◆ **What to work on**:
The job is to output exactly the lines that run from the start of the entries through the line containing "piatto di zuppa di pesce tradizionale", pictures omitted.

[Web page caption snippets]
-=-=-
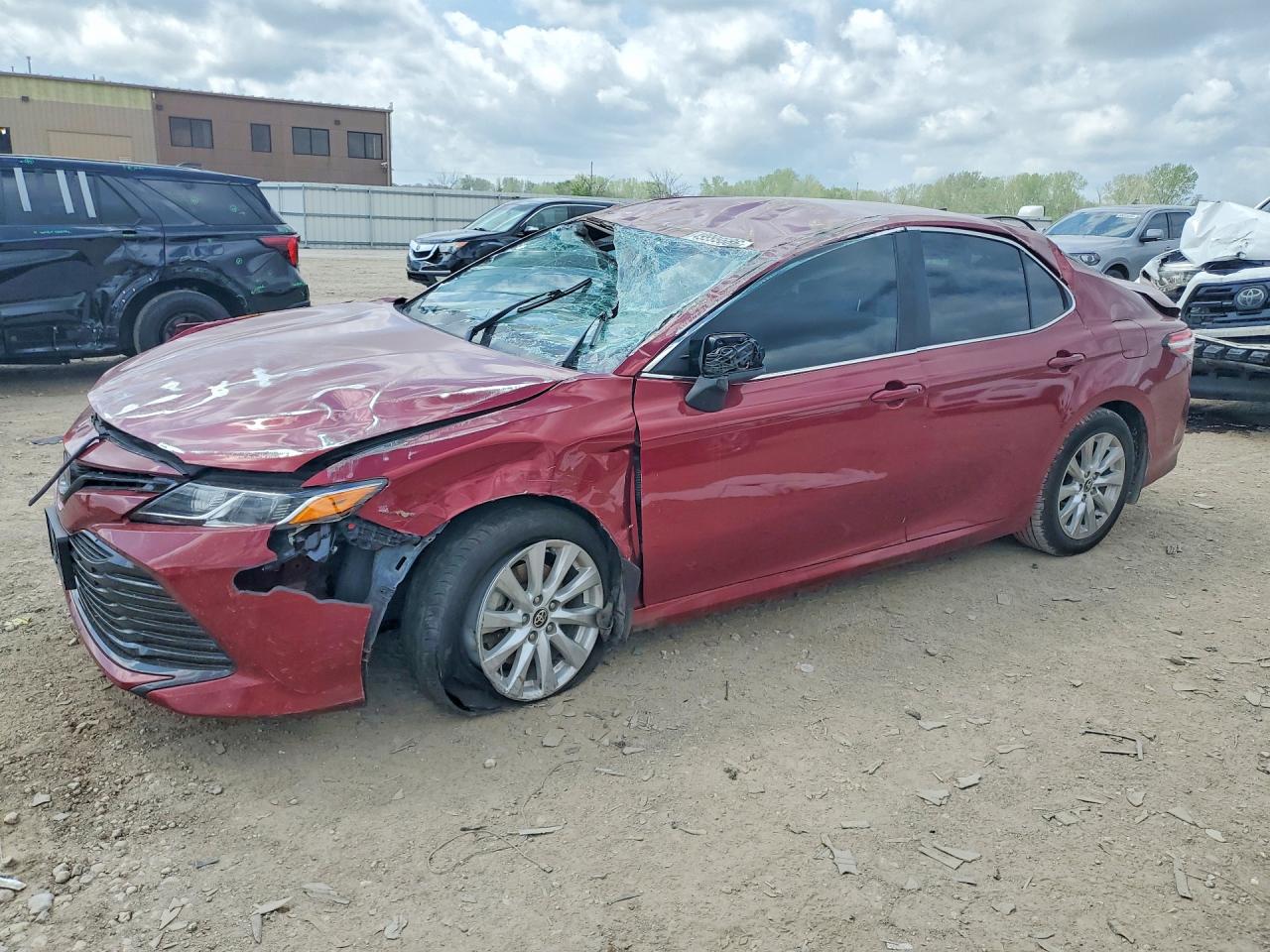 Salvage Toyota Camry Image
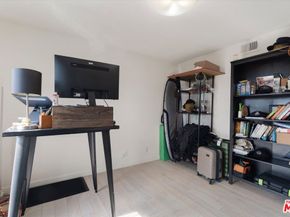 845 Brooks Avenue 1, Venice CA 90291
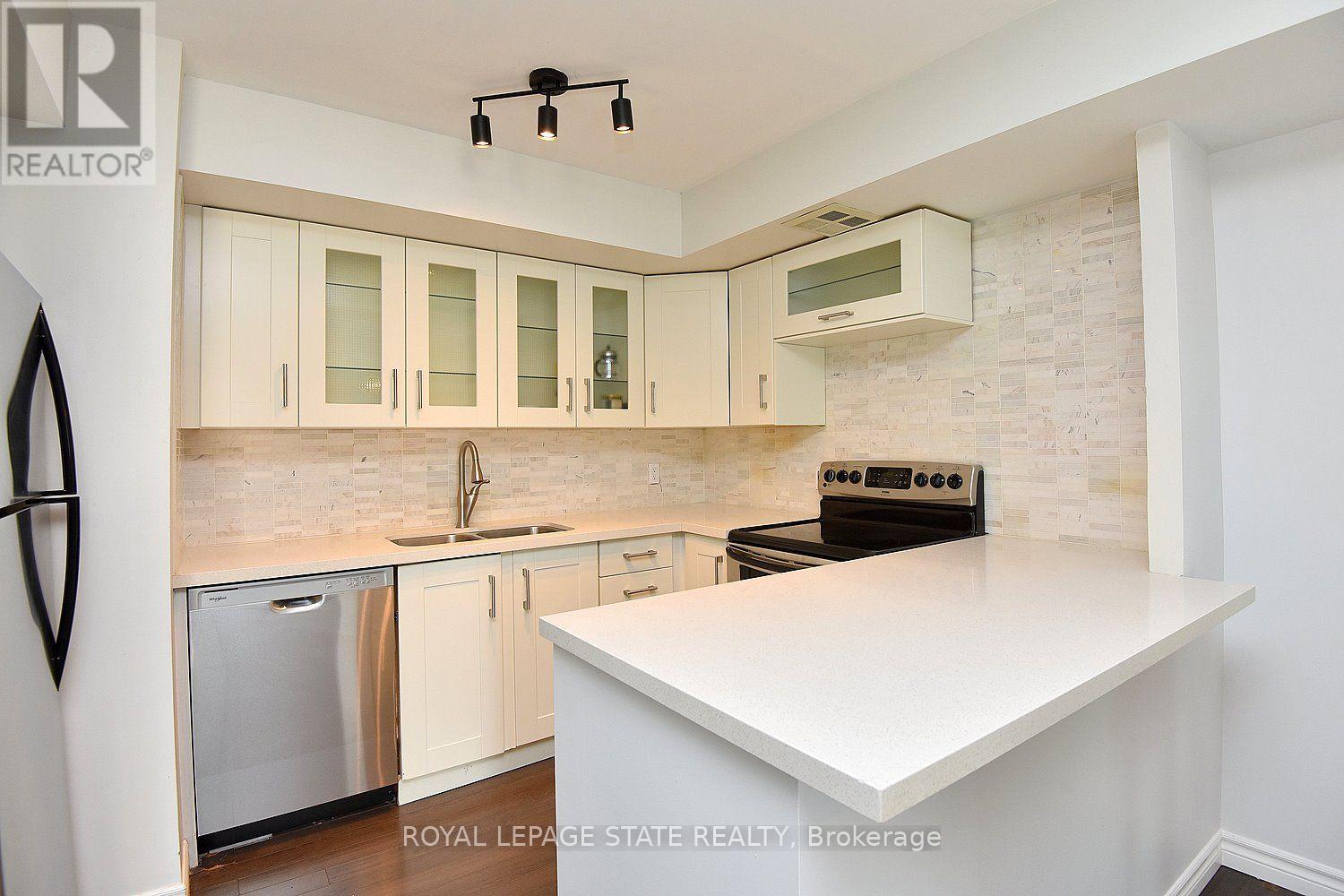 1611 - 25 The Esplanade Property Photo 12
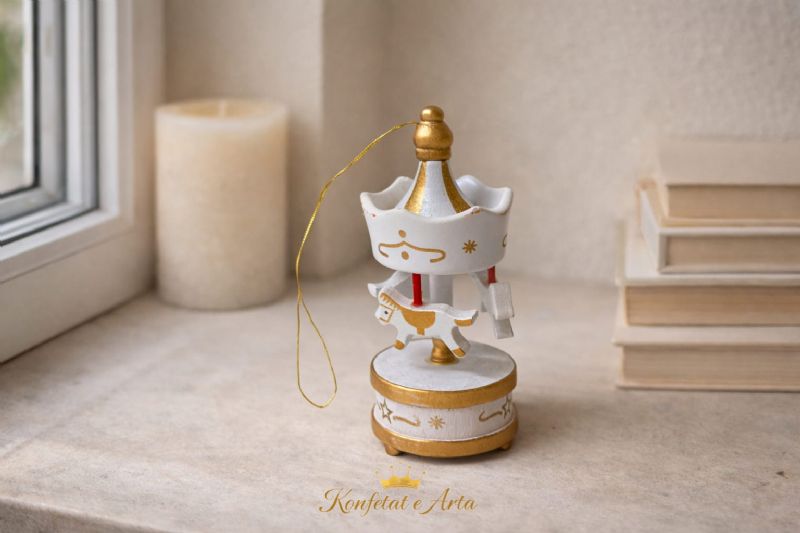 Karusel Dekorativ prej Druri, Konfete Luksoze me Detaje Ari nga KONFETAT E ARTA, dhurate per kujtim te perjetshem, simbol dashurie per fejesa, surprize per celebrim romantik, kujtim i vecante per nuse, surprize elegante per martese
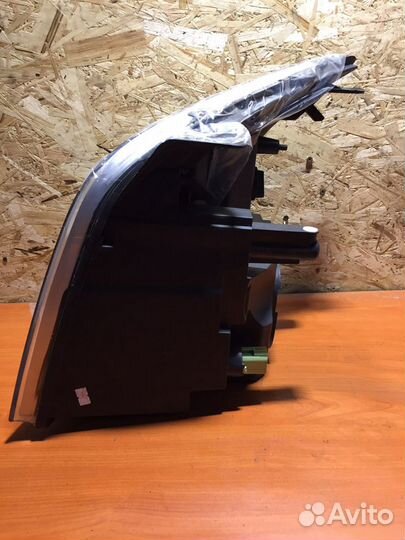 Фара Правая На Форд Транзит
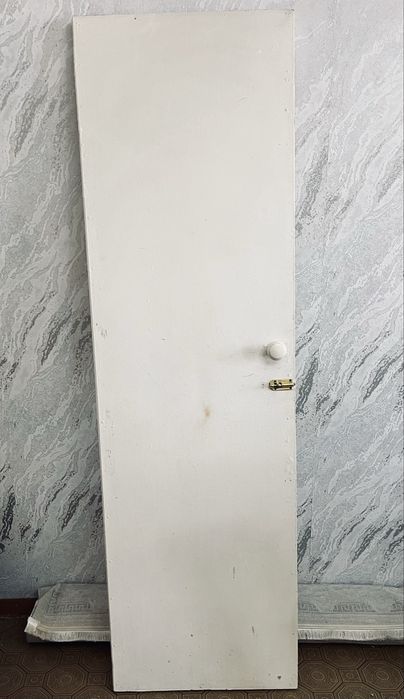 дверь  от  ванны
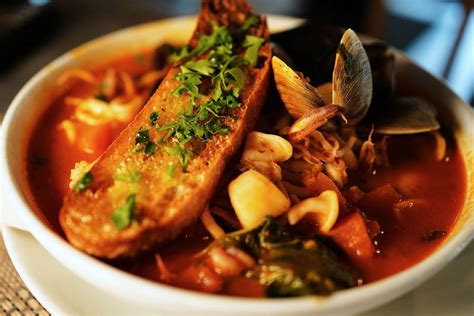 piatto di zuppa di pesce tradizionale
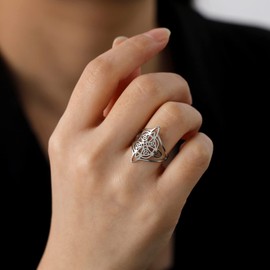 UNIFT Witch Knot Ring for Women Stainless Steel Chic Elegant Geometric Style Witchcraft Celtic Trinity Ring Wiccan Amulet Jewelry Mother's Day Birthday Gift, 9, Stainless Steel, No Gemstone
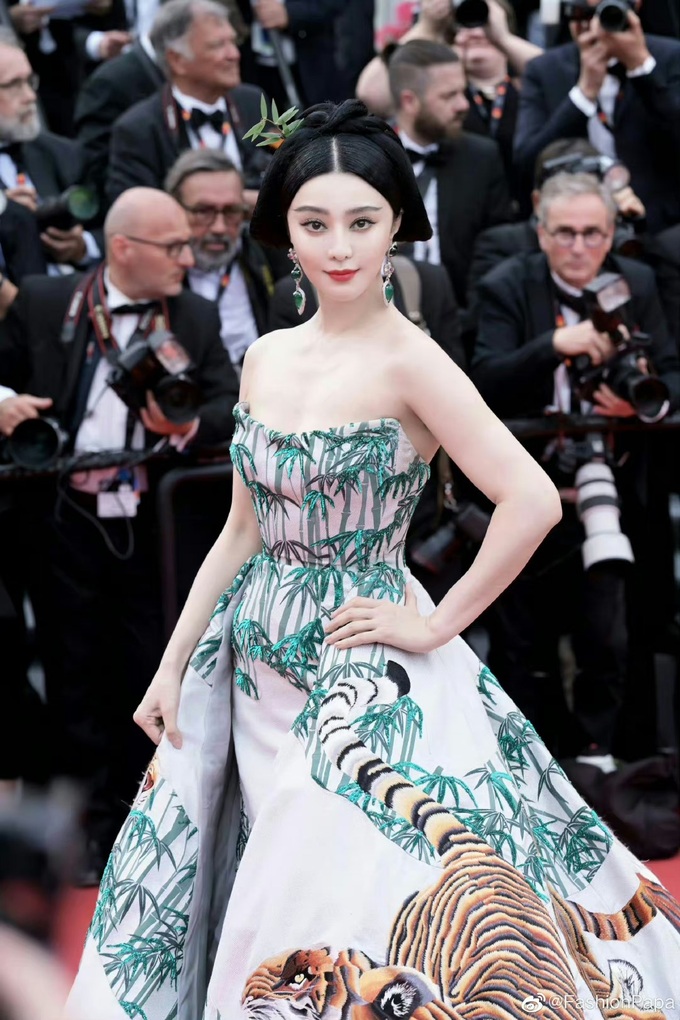 Phạm Băng Băng diện váy của NTK Chung Thanh Phong lên thảm đỏ Cannes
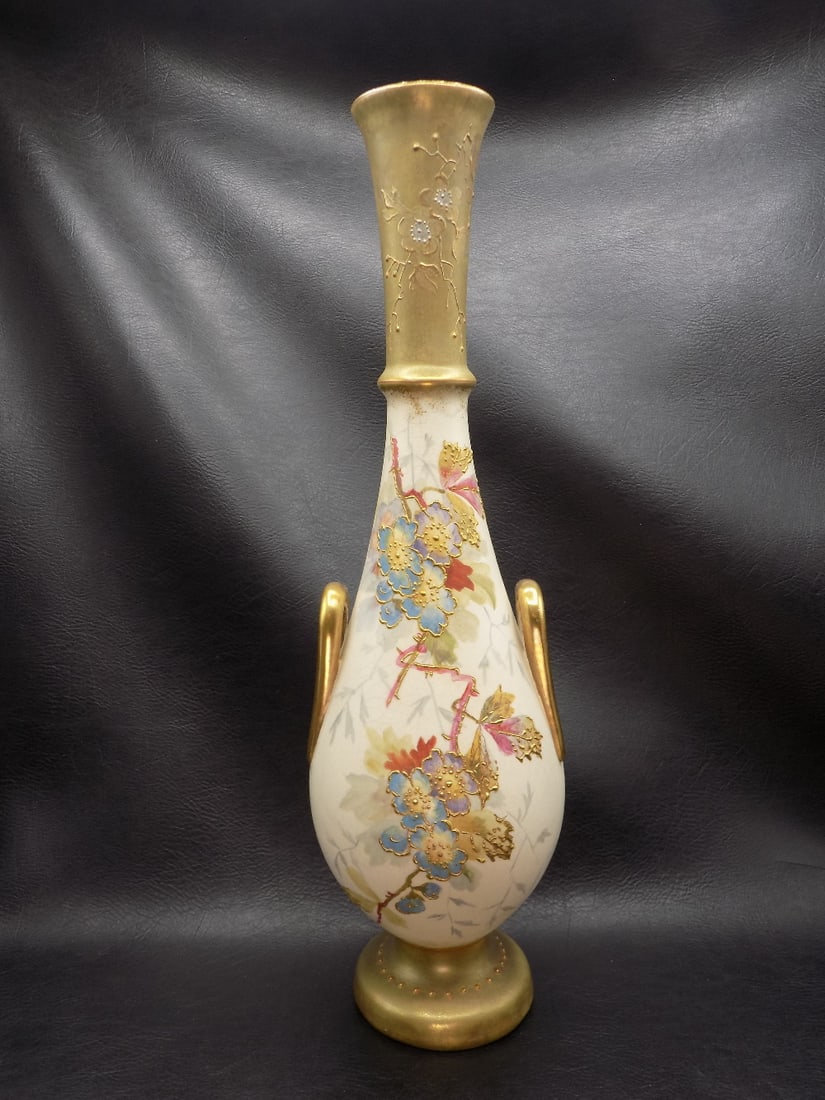 Fabulous antique hand decorated Royal Bonn vase - 2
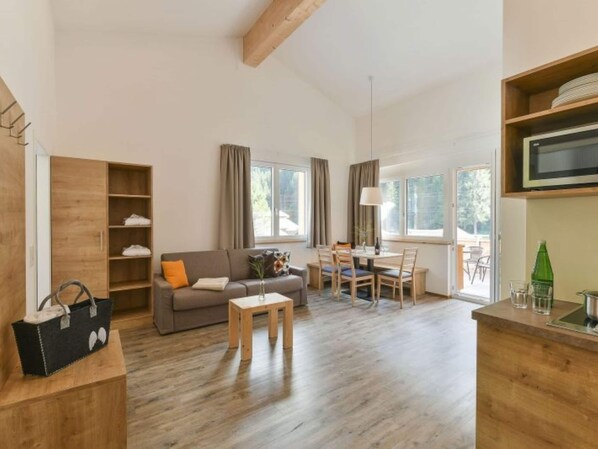 Living room - Majestic Apartment in Klosterle With Sauna on the Arlberg Met Terras (Klösterle am Arlberg)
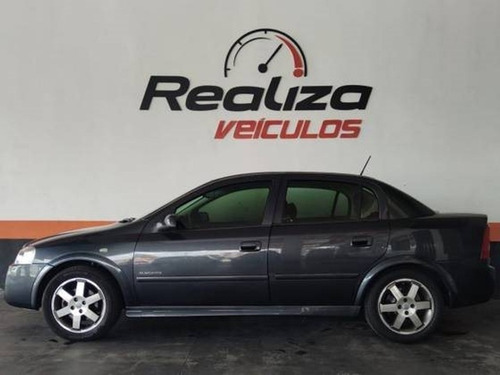 Imagem 3 de 11 de Chevrolet Astra 2.0 Mpfi Elegance Sedan 8v Flex 4p Manual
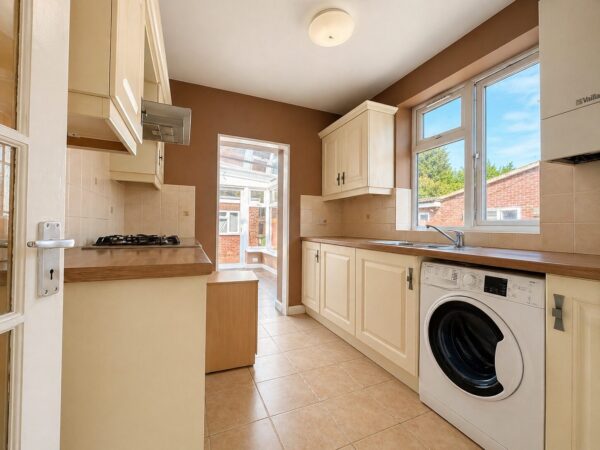 3 Bed Semi Detached, Marlow Road, High Wycombe, Buckinghamshire, HP11 1TF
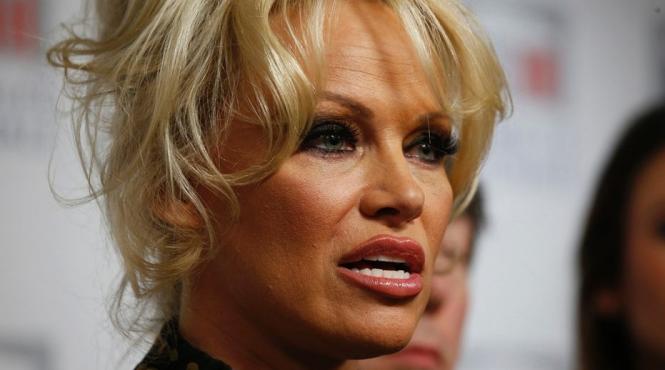 pamela anderson inchisa intr o cusca pentru a denunta suferintele la care sunt supuse animalele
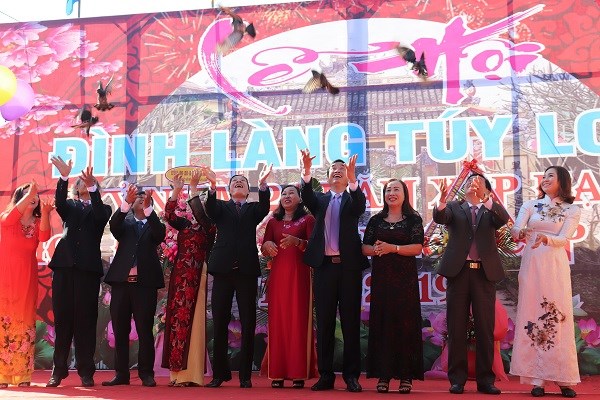 Tưng bừng lễ hội đình làng Túy Loan - ảnh 2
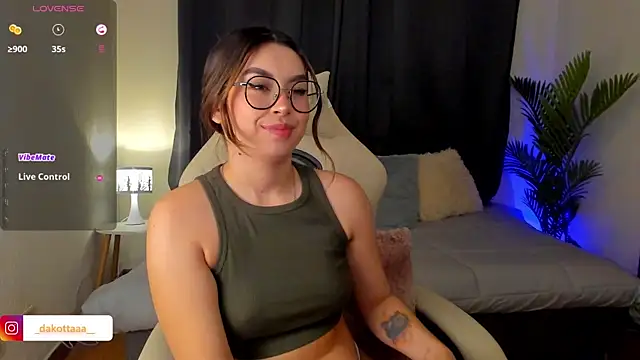 dakottaa  online show from October 7, 11:20 pm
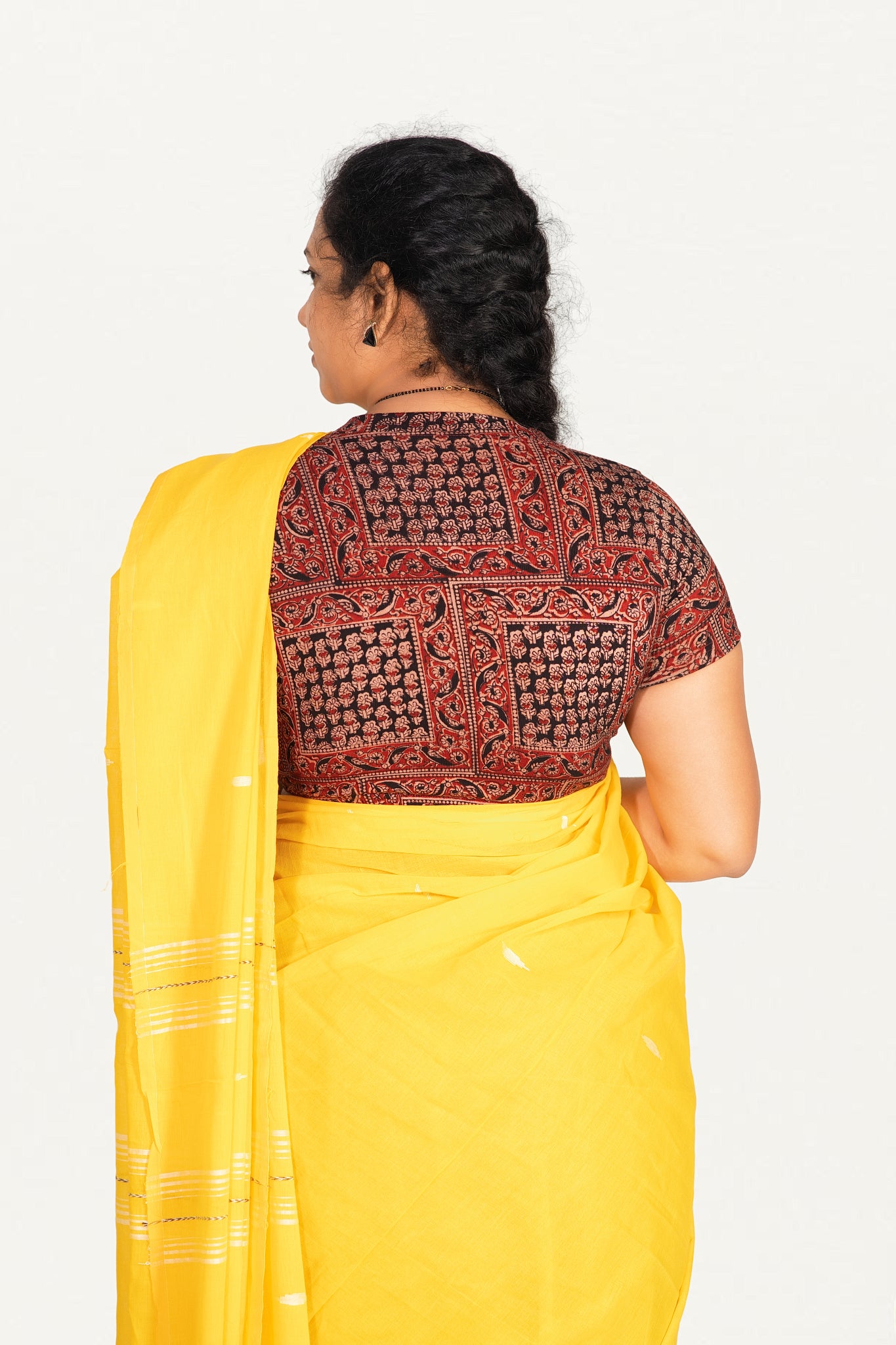 KALAMKARI V NECK SHORT HAND  STRECHBLE BLOUSE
-=-=-
◆ **Answer to the problem**:
 Salvage Toyota Camry Image
 845 Brooks Avenue 1, Venice CA 90291
 1611 - 25 The Esplanade Property Photo 12
 Karusel Dekorativ prej Druri, Konfete Luksoze me Detaje Ari nga KONFETAT E ARTA, dhurate per kujtim te perjetshem, simbol dashurie per fejesa, surprize per celebrim romantik, kujtim i vecante per nuse, surprize elegante per martese
 Фара Правая На Форд Транзит
 дверь  от  ванны
 piatto di zuppa di pesce tradizionale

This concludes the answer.